Pubdate: Tue, 14 Jul 1998
Source: Reuters
Auhtor: By Christine Lucassen

DUTCH REBUKE U.S. DRUGS ADVISER

AMSTERDAM, July 14 (Reuters) - The Netherlands rebuked a top U.S. drugs
policy adviser on Tuesday for getting his facts wrong about Dutch
drug-related crime but said General Barry McCaffrey was welcome to learn
from the Dutch experience.

McCaffrey, speaking in Stockholm during a European fact-finding mission,
said on Monday the per capita murder rate in the Netherlands was double
that in the United States and blamed the liberal Dutch attitude towards
soft drugs.

In Amsterdam, Europe's drugs capital according to McCaffrey, coffee shops
peddling marijuana are almost as common as bars selling beer. Nevertheless,
the Dutch say addiction to hard drugs like heroin is less common than in
other countries.

``The murder rate in Holland is double that in the United States, McCaffrey
told Swedish reporters.

The overall crime rate in Holland is probably 40 percent higher than the
United States. That's drugs.''

According to the White House adviser, there were 17.58 murders for every
100,000 inhabitants in the Netherlands in 1995, compared with 8.22 murders
per 100,000 people in the United States.

The Dutch government's Central Planning Bureau poured scorn on McCaffrey's
figures.

Official data put the Dutch murder rate at 1.8 per 100,000 people in 1996,
up from 1.5 at the start of the decade.

``The figure (McCaffrey is using) is not right. He is adding in attempted
murders,'' a planning bureau spokesman told Reuters.
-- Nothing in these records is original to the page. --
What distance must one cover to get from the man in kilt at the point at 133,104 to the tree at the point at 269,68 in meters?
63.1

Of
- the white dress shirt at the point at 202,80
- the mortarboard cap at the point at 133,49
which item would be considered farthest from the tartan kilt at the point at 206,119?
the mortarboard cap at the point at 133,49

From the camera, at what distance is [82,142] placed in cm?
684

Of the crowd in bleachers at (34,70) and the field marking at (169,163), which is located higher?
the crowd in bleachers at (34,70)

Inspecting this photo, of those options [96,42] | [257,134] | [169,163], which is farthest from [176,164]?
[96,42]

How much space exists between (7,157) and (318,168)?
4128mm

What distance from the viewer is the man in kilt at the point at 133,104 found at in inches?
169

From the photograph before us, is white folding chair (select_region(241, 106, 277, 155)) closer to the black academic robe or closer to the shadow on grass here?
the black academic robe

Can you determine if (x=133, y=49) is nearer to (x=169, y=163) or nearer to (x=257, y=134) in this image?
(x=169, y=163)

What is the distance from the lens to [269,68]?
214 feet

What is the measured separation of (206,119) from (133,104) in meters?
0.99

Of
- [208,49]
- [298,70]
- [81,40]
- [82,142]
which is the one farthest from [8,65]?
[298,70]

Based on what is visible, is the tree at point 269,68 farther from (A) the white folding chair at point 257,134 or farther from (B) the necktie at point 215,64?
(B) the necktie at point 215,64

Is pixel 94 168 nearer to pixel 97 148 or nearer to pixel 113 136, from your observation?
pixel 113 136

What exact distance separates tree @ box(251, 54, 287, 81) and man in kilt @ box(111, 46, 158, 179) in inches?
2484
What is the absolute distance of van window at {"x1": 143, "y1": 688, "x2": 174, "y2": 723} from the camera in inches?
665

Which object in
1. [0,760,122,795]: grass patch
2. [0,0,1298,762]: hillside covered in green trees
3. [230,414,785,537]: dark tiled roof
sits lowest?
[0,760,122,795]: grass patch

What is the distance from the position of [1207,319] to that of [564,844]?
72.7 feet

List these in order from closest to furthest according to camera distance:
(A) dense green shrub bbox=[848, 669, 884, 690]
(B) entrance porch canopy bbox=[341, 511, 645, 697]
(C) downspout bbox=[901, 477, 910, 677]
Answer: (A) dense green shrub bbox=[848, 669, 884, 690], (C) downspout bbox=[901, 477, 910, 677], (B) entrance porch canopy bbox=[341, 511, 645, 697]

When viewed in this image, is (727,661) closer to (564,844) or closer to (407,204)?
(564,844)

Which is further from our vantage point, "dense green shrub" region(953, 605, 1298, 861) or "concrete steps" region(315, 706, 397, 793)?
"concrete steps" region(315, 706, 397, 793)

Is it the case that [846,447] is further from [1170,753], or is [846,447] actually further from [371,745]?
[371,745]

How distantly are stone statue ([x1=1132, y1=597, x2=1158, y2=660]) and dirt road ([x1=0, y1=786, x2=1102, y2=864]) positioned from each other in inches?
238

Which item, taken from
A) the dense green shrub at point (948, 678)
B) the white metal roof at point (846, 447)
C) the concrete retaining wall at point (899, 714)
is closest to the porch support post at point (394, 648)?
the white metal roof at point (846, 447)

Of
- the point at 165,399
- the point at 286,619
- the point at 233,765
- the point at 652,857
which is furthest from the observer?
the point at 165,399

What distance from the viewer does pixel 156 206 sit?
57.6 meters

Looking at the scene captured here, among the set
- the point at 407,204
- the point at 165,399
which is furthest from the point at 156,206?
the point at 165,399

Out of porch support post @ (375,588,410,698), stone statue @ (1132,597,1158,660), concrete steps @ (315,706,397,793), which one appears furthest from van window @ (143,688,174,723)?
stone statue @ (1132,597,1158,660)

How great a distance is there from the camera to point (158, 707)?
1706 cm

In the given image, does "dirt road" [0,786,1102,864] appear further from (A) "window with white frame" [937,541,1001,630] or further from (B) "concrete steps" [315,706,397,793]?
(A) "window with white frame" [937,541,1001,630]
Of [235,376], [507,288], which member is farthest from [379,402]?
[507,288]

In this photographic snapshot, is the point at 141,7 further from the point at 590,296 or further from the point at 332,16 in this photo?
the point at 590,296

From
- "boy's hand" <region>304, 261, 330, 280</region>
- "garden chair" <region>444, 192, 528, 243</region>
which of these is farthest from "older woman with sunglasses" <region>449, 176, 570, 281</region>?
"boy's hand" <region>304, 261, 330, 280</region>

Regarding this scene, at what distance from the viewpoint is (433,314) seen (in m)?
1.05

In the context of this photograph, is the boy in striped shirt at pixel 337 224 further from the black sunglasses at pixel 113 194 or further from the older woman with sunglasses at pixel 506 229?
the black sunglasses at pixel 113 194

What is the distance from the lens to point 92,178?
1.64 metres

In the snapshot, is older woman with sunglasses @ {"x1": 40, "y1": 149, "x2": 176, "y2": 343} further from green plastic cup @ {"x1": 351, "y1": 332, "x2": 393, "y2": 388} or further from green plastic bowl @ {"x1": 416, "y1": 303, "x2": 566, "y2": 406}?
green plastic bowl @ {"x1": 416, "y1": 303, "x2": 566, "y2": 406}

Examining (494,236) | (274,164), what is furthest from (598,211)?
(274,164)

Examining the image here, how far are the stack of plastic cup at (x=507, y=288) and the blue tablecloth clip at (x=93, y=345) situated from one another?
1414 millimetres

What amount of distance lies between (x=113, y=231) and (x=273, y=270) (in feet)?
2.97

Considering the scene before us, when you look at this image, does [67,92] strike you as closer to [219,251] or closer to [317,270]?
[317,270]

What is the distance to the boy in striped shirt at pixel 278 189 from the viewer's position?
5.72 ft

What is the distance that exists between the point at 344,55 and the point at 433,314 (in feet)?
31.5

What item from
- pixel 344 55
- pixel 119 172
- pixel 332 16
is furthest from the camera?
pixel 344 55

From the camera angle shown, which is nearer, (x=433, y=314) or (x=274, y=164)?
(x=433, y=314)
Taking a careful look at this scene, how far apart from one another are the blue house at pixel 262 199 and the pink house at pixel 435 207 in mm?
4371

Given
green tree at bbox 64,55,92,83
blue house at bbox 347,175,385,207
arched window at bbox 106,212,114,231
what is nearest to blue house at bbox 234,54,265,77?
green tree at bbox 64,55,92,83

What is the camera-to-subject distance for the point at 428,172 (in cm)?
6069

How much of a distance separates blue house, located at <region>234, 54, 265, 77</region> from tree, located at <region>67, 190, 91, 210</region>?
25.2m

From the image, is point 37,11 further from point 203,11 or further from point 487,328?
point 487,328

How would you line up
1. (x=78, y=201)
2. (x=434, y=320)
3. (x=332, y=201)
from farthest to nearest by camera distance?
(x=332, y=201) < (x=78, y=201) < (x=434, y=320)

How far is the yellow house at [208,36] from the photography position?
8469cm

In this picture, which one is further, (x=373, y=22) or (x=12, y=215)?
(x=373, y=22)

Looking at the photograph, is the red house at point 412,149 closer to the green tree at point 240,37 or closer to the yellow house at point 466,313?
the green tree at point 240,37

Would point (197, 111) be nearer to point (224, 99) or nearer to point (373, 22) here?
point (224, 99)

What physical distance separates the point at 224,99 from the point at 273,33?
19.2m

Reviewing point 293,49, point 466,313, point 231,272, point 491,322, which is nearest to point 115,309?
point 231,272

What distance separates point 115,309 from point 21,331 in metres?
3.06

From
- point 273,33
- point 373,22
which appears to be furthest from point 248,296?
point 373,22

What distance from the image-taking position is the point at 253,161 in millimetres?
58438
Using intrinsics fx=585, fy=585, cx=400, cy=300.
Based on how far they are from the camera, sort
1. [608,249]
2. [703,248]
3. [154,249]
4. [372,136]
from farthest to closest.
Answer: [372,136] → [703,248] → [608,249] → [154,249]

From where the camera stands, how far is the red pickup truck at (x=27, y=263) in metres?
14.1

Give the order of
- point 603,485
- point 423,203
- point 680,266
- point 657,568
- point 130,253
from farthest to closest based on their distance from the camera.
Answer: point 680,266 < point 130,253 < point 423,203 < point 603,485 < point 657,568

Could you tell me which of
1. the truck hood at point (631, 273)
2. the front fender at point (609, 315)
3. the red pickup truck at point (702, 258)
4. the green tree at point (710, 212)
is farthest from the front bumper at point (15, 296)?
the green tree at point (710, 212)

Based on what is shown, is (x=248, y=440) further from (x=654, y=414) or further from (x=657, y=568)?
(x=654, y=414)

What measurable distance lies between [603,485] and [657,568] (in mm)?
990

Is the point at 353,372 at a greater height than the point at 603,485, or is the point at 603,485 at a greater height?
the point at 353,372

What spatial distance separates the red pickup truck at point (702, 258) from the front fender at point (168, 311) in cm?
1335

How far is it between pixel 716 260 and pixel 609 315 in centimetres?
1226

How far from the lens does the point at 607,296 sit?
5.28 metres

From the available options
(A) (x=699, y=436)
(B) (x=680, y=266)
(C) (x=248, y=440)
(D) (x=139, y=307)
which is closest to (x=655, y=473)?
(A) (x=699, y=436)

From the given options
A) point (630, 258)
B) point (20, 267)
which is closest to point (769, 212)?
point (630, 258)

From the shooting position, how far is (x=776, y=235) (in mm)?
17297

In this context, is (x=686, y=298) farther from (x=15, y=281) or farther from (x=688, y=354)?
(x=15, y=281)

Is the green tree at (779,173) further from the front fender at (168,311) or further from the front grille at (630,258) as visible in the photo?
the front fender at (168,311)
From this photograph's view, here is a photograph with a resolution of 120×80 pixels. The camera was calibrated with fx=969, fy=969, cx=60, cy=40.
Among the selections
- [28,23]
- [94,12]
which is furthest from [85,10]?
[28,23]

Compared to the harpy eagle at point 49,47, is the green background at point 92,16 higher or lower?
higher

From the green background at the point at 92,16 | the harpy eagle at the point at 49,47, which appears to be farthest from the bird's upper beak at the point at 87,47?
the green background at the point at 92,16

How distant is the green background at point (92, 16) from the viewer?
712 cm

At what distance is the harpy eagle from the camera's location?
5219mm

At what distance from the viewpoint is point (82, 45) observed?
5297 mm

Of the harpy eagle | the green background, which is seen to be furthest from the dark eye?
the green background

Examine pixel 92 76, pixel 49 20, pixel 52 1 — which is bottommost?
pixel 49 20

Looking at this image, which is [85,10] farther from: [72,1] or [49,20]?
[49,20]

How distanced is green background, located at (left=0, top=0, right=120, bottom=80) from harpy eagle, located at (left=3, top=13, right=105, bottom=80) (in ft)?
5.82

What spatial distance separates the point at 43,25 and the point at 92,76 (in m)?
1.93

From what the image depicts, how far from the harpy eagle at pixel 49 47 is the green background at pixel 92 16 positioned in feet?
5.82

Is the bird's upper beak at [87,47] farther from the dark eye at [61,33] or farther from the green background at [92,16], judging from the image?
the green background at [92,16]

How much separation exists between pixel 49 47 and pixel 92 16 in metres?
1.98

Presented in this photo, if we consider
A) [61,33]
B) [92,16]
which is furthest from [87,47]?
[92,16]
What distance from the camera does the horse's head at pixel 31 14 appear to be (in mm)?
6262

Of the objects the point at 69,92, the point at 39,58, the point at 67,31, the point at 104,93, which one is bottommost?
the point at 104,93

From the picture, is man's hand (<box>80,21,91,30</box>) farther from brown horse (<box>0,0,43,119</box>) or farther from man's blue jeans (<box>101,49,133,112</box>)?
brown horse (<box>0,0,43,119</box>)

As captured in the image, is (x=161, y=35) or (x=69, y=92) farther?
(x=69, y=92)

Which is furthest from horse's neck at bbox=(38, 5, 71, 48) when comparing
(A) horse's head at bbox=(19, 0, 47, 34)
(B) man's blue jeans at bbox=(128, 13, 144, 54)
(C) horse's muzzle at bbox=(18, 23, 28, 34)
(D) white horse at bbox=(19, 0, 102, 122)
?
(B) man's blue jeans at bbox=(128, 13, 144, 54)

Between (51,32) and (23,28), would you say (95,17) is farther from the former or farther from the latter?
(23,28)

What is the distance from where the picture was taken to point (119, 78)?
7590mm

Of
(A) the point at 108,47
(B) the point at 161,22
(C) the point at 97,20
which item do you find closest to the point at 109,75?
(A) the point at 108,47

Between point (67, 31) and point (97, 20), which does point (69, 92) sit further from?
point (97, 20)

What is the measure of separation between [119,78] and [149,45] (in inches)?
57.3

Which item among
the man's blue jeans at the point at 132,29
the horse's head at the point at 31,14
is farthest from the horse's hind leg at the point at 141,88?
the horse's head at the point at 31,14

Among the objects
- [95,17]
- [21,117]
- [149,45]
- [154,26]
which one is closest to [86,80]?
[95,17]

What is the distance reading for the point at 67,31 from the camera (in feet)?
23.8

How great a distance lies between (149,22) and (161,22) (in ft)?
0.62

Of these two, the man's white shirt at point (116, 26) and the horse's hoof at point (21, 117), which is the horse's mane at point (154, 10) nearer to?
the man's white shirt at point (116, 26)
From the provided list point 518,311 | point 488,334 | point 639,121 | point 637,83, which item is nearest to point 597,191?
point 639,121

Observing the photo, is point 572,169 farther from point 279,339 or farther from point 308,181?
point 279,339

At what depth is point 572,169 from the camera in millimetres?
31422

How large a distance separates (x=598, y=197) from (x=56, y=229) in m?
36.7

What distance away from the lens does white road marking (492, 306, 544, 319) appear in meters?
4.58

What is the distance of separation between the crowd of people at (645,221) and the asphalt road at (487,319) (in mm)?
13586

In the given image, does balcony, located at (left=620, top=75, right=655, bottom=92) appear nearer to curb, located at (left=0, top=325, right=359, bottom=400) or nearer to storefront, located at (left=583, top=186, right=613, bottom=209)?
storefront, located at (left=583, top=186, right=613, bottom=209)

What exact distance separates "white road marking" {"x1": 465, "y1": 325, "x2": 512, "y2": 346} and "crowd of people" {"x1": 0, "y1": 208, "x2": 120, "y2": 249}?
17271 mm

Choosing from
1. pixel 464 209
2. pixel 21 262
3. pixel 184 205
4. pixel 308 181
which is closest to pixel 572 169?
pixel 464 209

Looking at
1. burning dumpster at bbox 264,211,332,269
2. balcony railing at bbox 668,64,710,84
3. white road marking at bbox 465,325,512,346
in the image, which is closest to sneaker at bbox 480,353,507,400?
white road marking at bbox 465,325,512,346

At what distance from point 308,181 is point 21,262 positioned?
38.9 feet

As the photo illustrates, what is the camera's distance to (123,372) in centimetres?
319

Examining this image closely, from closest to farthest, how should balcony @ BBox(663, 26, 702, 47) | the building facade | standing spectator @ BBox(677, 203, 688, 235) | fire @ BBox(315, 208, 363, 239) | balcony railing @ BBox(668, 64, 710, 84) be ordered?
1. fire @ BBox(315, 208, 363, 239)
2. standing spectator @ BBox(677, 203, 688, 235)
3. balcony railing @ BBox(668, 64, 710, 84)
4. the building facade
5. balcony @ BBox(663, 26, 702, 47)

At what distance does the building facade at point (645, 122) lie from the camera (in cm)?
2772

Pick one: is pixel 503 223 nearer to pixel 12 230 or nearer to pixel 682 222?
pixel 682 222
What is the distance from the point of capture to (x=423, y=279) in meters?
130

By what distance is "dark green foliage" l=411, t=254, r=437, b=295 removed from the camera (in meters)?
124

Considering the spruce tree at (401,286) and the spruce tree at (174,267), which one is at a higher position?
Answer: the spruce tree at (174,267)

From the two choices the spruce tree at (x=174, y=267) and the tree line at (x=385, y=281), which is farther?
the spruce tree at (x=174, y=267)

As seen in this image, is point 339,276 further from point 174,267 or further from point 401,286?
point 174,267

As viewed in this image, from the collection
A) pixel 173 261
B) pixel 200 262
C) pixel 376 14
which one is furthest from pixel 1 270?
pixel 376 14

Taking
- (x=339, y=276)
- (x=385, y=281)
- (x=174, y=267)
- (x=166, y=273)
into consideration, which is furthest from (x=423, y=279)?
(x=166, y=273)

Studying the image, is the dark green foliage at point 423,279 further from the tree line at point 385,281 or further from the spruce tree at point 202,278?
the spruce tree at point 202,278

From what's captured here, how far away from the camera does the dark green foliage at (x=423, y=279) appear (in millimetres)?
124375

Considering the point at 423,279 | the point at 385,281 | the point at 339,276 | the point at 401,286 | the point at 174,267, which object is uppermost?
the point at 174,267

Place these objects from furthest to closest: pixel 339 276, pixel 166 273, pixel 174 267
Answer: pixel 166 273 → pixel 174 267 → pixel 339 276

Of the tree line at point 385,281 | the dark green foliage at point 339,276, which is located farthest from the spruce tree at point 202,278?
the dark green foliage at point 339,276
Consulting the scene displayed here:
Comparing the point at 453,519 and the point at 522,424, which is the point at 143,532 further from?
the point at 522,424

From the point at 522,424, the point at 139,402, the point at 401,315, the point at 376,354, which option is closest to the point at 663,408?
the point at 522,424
McCaffrey, who is due to visit the Netherlands on Thursday, contends that
Amsterdam is Europe's biggest drugs market and has described the Dutch
drugs policy as a ``disaster.''

He said the Netherlands is an export centre for synthetic drugs like
Ecstasy to Britain and the United States.

``(McCaffrey's) statements show...that he is not coming totally unbiased,''
Foreign Affairs Ministry spokeswoman Birgitta Tazelaar told Reuters.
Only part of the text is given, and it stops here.